What you should do:
The required output is the stretch from the line containing "8257 NW 79th" through the line containing "French soldiers arrive" in the records below, unaltered and with no pictures.

Records for this exercise:

◇ ◇ ◇ ◇

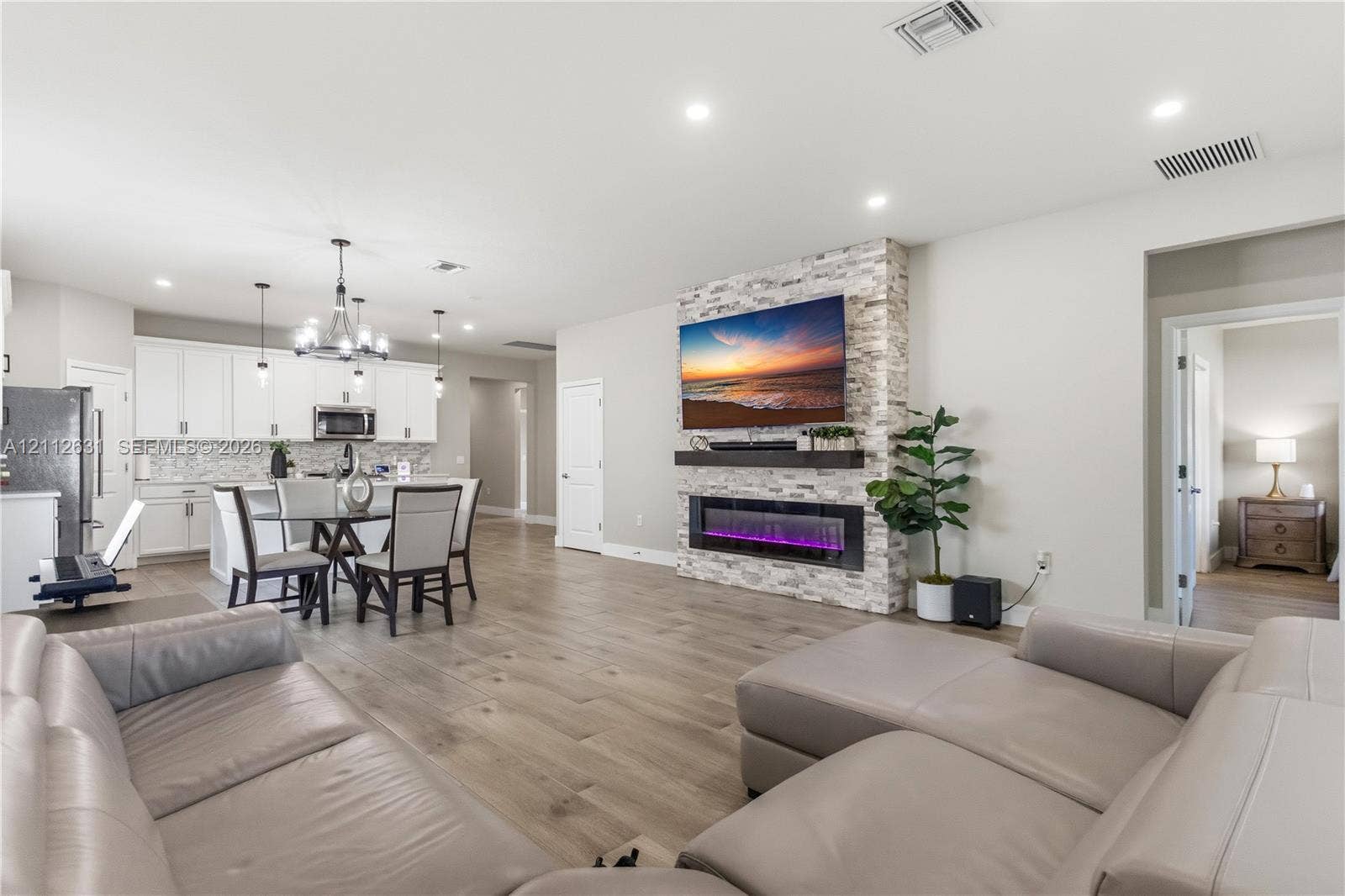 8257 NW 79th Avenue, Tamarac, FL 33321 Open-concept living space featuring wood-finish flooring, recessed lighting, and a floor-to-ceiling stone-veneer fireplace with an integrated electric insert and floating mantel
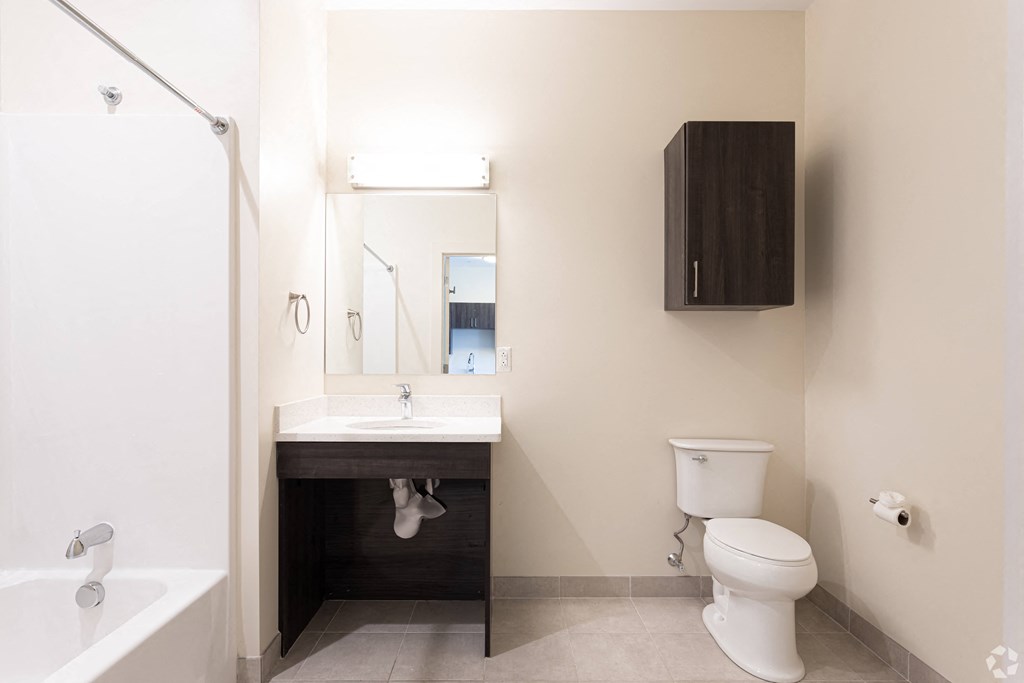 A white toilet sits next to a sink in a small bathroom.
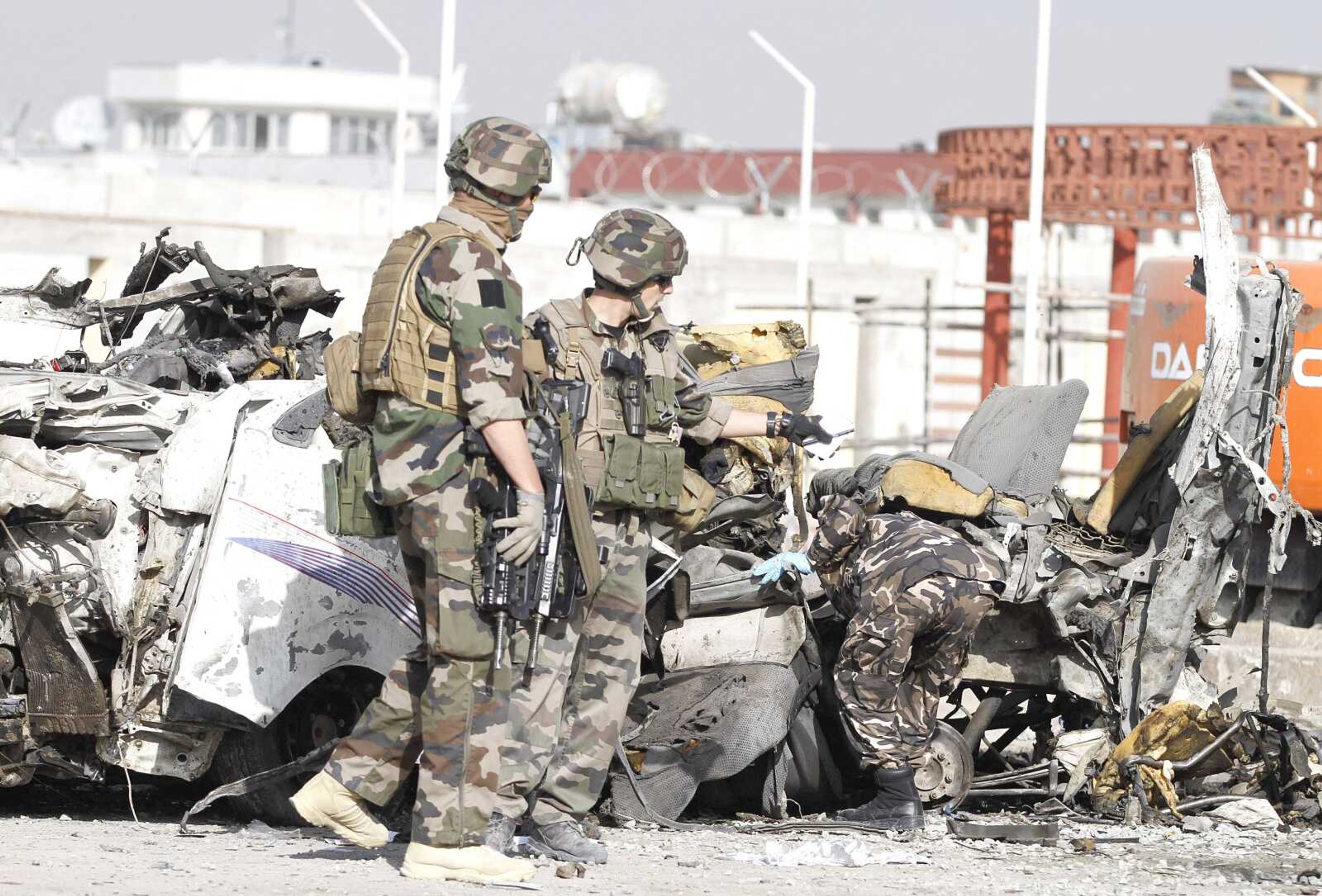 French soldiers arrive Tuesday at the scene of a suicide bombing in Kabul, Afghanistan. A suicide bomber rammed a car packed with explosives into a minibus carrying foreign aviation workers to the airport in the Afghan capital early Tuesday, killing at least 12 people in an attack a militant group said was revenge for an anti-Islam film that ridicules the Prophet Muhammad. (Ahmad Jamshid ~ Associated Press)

◇ ◇ ◇ ◇

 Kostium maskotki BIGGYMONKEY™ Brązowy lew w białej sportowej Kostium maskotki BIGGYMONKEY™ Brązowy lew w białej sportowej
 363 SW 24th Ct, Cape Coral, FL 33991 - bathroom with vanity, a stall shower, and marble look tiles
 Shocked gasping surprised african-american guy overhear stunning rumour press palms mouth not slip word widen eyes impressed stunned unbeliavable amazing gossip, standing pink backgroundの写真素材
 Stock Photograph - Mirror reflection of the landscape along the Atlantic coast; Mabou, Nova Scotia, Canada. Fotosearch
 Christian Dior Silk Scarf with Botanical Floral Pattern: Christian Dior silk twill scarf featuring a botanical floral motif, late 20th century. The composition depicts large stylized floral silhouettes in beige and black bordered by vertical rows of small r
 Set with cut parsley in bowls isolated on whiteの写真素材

◇ ◇ ◇ ◇

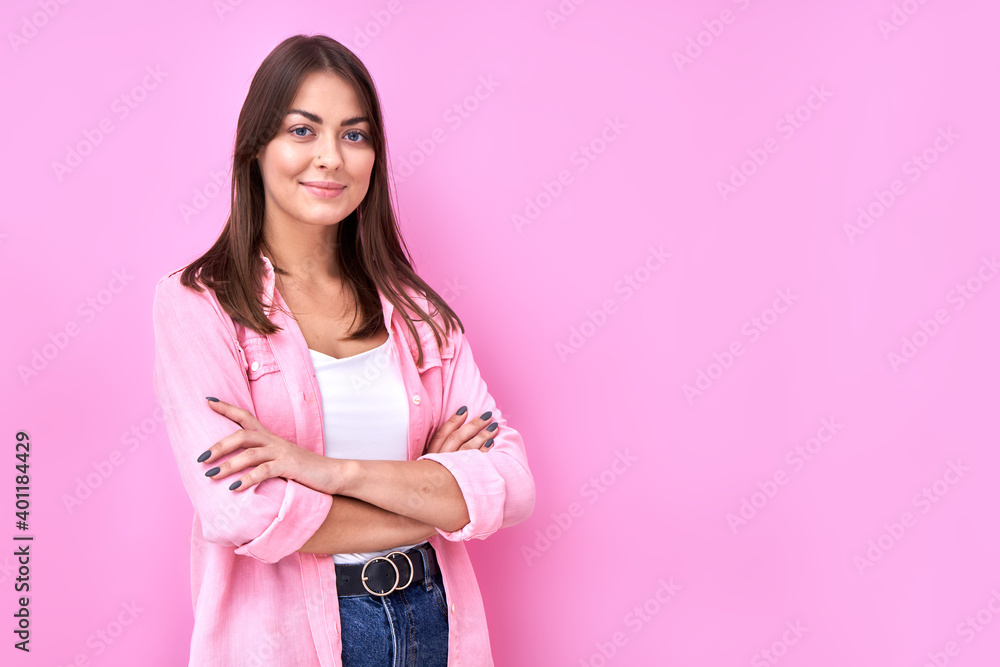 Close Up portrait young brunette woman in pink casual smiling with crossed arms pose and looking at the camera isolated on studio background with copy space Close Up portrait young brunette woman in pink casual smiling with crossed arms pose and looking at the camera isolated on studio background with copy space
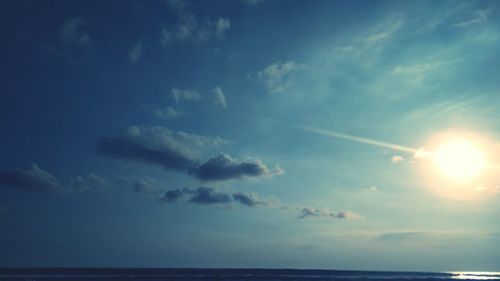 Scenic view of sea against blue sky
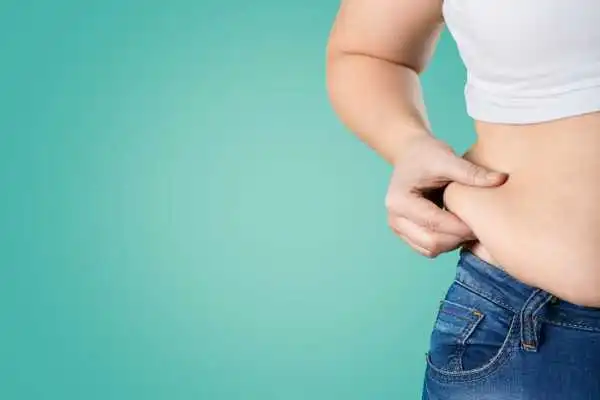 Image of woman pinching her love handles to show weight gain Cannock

◇ ◇ ◇ ◇

Response area:
 8257 NW 79th Avenue, Tamarac, FL 33321 Open-concept living space featuring wood-finish flooring, recessed lighting, and a floor-to-ceiling stone-veneer fireplace with an integrated electric insert and floating mantel
 A white toilet sits next to a sink in a small bathroom.
 French soldiers arrive Tuesday at the scene of a suicide bombing in Kabul, Afghanistan. A suicide bomber rammed a car packed with explosives into a minibus carrying foreign aviation workers to the airport in the Afghan capital early Tuesday, killing at least 12 people in an attack a militant group said was revenge for an anti-Islam film that ridicules the Prophet Muhammad. (Ahmad Jamshid ~ Associated Press)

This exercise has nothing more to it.